TeachAids, a non-profit focused on health education, announced the launch of its new Institute for Brain Research and Innovation on Tuesday. TeachAids was founded by Stanford Graduate School of Education lecturer and 2016 recipient of the Stanford Alumni Excellence in Education Award Piya Sorcar M.A. ’06 Ph.D. ’09. Sorcar is also an Adjunct Affiliate at the Stanford School of Medicine and Faculty Fellow at Stanford’s Center for Innovation in Global Health.
The Institute will focus on identifying methods to improve concussion education and attempt to change the culture around concussion reporting. Daniel Daneshvar, who previously worked as a founding scientific advisor on the TeachAids team, will serve as the director of the Institute. Daneshvar will be joined by numerous scientists across the country who conduct research on this topic.
Sorcar said she is excited to welcome Daneshvar to the Institute, saying, “As a former athlete, he is deeply passionate about promoting safety among youth, especially regarding head injuries.”
The Institute will work in conjunction with CrashCourse, a concussion education program created by TeachAids. CrashCourse is used by 19 national governing sports organizations, including USA Gymnastics, USA Lacrosse and USA Wrestling and by students in K-12 school districts across the country.
The CrashCourse program consists of a variety of interactive educational materials such as brain fly-through videos showcasing how the brain responds to trauma and a story wall that educates athletes on the markers of a concussion.
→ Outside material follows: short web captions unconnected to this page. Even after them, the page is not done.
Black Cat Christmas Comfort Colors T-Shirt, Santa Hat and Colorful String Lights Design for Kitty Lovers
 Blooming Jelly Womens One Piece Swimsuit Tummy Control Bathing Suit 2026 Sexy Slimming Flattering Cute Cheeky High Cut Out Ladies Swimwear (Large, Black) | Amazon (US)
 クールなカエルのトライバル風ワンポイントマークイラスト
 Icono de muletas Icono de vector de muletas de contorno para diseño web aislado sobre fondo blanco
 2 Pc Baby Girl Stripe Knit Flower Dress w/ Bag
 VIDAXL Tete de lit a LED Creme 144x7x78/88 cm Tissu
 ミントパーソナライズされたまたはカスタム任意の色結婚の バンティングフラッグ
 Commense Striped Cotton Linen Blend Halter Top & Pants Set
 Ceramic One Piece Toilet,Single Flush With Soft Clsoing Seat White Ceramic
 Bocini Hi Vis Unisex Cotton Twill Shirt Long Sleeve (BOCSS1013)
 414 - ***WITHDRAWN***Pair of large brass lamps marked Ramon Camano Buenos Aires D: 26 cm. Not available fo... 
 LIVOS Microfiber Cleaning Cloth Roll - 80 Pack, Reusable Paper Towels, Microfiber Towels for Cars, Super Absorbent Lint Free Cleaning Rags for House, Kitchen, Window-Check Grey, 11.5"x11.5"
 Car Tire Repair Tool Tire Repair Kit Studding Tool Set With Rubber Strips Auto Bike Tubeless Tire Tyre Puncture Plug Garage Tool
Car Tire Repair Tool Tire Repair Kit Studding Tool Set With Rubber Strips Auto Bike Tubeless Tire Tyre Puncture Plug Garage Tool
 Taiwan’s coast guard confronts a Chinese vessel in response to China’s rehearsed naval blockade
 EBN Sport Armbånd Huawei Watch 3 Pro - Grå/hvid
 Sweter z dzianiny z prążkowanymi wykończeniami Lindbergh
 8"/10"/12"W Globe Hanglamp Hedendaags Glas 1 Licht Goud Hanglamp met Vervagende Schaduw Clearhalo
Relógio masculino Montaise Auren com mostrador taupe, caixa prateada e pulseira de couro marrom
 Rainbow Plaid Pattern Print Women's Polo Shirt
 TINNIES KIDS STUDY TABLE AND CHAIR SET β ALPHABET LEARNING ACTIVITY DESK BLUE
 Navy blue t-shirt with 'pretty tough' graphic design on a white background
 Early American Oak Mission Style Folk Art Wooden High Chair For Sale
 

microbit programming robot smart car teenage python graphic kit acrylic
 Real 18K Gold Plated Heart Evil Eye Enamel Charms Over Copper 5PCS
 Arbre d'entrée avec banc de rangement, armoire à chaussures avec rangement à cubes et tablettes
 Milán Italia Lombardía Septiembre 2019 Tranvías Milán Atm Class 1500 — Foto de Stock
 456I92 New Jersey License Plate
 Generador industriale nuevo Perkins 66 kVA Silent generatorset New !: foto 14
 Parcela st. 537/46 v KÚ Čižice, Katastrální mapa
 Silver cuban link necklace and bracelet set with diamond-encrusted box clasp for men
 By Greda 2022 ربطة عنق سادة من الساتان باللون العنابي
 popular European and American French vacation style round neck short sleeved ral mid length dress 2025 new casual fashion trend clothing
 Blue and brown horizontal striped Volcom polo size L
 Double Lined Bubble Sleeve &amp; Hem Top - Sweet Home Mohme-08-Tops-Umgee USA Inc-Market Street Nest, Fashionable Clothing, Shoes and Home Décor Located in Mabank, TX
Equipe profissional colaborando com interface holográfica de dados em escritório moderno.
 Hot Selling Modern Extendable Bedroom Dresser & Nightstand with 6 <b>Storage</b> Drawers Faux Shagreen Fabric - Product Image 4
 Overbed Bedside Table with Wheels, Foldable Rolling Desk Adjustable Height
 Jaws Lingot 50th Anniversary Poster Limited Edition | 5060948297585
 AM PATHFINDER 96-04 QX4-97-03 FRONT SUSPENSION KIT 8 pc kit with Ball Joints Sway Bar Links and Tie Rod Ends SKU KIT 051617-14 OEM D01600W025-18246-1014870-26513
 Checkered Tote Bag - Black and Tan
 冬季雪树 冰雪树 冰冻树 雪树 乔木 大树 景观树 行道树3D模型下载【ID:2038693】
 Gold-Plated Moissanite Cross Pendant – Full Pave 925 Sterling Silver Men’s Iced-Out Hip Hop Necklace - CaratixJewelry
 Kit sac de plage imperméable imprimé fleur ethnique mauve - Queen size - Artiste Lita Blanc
Gerald Grant, associate dean of academic affairs and chief of pediatric neurosurgery at Stanford University School of Medicine believes the program’s interactive nature makes it one of a kind.
“Over the years, there has been a spectrum of concussion education materials by the CDC and others,” Grant said. “Most, however, have been information sharing PDFs or ‘talking head’ lectures from medical experts, which are not effective learning tools for youth.”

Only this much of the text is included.